Medical Residents and Interprofessional Interactions in Discharge: An Ethnographic Exploration of Factors That Affect Negotiation.
J Gen Intern Med. 2015 Apr 14;
Authors: Goldman J, Reeves S, Wu R, Silver I, MacMillan K, Kitto S
BACKGROUND: Interprofessional collaboration is an important aspect of patient discharge from a general internal medicine (GIM) unit. However, there has been minimal empirical or theoretical research that has examined interactions that occur between medical residents and other healthcare professionals in the discharge process. This study provides insight into the social processes that shape and characterize such interactions.
OBJECTIVE: To explore factors that shape interactions between medical residents and other healthcare professionals in relation to patient discharge, and to examine the opportunities for negotiations about discharge between these professional groups.

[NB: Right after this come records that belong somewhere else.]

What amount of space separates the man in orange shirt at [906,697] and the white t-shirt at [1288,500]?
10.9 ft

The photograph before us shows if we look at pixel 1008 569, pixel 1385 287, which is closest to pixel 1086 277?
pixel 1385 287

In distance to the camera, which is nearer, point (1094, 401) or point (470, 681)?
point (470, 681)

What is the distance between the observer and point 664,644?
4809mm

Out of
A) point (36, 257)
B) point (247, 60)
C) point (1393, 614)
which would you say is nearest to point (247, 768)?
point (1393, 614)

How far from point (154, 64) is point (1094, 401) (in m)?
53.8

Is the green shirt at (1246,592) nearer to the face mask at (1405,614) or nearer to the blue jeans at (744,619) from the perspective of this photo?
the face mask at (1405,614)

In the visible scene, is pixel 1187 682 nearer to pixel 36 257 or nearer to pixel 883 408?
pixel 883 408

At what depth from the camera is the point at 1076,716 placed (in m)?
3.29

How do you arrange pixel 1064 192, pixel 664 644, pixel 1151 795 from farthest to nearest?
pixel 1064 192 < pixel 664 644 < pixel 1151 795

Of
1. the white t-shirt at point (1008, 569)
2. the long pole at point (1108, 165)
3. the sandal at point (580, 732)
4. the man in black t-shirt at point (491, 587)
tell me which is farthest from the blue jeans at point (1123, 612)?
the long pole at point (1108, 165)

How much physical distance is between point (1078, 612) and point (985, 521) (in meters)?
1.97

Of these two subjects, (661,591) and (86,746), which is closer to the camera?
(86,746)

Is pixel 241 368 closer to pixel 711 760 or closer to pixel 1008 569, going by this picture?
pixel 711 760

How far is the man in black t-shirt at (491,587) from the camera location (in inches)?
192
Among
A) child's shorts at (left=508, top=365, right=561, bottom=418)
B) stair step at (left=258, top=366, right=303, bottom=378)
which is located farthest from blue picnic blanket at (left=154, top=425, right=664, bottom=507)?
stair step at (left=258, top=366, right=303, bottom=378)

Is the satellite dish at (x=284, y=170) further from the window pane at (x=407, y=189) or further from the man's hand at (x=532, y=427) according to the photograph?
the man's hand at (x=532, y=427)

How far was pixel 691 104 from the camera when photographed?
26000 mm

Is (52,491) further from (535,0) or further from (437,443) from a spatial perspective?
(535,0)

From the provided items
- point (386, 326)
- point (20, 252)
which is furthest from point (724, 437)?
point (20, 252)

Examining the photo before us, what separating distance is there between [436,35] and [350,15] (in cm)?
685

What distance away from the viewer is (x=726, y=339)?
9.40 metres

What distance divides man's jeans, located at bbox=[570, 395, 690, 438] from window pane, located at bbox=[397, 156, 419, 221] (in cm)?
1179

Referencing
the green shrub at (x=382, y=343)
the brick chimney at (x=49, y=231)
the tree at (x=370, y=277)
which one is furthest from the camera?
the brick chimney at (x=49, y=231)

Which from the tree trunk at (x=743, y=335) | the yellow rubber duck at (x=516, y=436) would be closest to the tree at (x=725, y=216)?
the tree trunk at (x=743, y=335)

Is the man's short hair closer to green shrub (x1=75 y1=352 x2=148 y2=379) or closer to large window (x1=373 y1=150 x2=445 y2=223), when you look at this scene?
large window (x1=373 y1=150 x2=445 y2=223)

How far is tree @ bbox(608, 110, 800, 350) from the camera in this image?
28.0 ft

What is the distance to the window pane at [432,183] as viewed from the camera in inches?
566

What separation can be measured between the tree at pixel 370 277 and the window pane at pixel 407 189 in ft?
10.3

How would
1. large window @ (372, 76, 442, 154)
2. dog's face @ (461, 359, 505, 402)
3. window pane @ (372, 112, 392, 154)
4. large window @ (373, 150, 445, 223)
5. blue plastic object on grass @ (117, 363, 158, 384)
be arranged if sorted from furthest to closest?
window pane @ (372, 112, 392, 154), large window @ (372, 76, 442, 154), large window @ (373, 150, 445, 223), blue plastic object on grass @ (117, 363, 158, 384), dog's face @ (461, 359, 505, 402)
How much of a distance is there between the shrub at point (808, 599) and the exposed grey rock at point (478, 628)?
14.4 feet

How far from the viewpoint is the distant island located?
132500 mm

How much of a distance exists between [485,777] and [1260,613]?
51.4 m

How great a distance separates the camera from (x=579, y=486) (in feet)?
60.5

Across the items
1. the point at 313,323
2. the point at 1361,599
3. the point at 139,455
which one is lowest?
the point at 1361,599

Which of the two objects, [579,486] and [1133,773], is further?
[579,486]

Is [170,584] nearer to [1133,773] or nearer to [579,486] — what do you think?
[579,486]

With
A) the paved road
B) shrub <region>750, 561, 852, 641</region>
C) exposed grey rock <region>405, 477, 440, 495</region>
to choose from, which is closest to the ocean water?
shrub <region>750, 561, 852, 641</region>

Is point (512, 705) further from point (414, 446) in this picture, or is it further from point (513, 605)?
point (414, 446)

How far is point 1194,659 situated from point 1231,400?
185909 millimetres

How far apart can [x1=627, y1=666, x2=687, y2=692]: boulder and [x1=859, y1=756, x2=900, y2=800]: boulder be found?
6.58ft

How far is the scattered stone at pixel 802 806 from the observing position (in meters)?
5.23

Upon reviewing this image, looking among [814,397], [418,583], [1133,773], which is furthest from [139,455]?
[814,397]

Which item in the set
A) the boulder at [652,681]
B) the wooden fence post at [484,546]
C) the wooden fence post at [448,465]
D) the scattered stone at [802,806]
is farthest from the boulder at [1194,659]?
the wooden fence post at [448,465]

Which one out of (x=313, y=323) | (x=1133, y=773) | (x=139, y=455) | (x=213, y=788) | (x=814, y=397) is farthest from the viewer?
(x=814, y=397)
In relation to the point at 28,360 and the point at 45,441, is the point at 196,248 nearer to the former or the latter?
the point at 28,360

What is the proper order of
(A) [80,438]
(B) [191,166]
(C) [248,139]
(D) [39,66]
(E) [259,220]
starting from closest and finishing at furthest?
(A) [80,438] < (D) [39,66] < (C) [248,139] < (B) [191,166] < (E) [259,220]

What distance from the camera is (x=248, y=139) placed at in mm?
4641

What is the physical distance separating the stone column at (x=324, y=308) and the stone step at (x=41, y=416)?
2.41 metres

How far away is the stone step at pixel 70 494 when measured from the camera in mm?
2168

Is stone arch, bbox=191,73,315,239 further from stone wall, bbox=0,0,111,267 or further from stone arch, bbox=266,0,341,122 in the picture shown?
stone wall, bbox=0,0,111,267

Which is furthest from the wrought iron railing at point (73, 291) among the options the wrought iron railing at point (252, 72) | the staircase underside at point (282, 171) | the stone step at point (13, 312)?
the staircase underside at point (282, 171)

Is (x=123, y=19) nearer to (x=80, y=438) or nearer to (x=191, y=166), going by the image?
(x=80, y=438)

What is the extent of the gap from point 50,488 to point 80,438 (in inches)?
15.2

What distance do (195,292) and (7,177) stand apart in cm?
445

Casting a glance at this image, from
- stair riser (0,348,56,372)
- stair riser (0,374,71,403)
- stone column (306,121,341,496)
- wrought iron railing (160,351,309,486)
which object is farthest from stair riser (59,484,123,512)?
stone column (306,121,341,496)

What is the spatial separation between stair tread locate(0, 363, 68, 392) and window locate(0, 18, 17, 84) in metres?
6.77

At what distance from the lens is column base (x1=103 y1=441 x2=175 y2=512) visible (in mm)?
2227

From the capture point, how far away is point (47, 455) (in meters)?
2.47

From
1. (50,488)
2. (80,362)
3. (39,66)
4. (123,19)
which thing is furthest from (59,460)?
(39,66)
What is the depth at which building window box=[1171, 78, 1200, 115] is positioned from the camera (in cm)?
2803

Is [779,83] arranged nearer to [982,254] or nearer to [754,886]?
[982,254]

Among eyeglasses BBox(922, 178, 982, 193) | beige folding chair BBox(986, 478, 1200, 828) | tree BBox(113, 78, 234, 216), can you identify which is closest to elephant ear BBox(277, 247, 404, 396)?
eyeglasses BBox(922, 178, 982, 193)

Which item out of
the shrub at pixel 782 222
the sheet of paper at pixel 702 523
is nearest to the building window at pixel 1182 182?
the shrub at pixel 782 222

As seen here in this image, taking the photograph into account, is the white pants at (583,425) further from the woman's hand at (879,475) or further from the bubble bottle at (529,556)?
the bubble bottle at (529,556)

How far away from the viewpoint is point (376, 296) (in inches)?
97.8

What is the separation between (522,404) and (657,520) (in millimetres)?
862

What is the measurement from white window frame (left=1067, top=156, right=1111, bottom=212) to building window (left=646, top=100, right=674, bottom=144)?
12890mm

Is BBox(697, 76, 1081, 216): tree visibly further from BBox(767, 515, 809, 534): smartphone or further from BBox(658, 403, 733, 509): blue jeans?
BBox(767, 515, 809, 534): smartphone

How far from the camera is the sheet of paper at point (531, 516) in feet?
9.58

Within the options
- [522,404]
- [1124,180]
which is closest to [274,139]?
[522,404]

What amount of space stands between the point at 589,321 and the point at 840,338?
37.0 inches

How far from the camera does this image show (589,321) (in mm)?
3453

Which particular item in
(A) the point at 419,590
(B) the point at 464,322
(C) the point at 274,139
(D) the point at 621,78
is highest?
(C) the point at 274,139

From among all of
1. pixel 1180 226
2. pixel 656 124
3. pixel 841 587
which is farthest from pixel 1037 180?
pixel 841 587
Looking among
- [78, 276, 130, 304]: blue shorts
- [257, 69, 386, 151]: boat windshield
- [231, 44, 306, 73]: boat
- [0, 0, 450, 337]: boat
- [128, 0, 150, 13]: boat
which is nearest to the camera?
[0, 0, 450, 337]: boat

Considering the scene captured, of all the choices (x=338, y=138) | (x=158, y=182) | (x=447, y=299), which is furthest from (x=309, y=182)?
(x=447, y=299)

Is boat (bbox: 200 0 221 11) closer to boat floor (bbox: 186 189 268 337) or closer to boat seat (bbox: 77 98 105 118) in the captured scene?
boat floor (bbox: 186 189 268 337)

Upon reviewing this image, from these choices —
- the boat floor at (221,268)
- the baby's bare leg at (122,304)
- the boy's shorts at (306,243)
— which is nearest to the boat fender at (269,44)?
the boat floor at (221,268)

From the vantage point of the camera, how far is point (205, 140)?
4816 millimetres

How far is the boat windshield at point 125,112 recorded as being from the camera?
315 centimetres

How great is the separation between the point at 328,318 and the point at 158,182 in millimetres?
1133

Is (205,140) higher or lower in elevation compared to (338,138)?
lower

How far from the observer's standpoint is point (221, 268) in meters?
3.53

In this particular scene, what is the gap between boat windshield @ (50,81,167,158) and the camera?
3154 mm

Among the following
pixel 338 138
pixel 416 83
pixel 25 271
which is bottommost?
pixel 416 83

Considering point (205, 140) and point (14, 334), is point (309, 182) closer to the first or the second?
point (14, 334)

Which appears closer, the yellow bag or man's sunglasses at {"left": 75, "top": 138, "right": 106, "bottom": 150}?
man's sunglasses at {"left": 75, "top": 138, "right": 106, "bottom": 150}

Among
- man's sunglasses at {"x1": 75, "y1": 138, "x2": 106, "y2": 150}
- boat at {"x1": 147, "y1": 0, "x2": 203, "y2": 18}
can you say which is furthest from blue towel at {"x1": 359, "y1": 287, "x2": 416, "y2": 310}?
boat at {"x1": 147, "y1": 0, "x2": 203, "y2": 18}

DESIGN: A qualitative ethnographic approach using observations, interviews and documentary analysis.
PARTICIPANTS AND SETTING: Healthcare professionals working in a GIM unit in Canada.
APPROACH: Sixty-five hours of observations were undertaken in a range of settings (e.g. interprofessional rounds, medical and nursing rounds, nursing station) in the unit over a 17-month period. A maximum variation sampling approach was used to identify healthcare professionals working in the unit. Twenty-three interviews were completed, recorded and transcribed verbatim. A directed content approach using theories of medical dominance and negotiated order was used to analyze the data.
KEY RESULTS: The organization of clinical work in combination with clinical teaching influenced interprofessional interactions and the quality of discharge in this GIM unit. While organizational activities (orientation and rounds) and individual activities (e.g. role modeling, teaching) supported negotiations between medical residents and other healthcare professionals around discharge, participants had varied perspectives about their effectiveness.
CONCLUSIONS: This study illuminates social factors and processes that require attention in order to address challenges with interprofessional collaboration and discharge in GIM. These findings have implications for medical education, workplace learning, patient safety and quality improvement.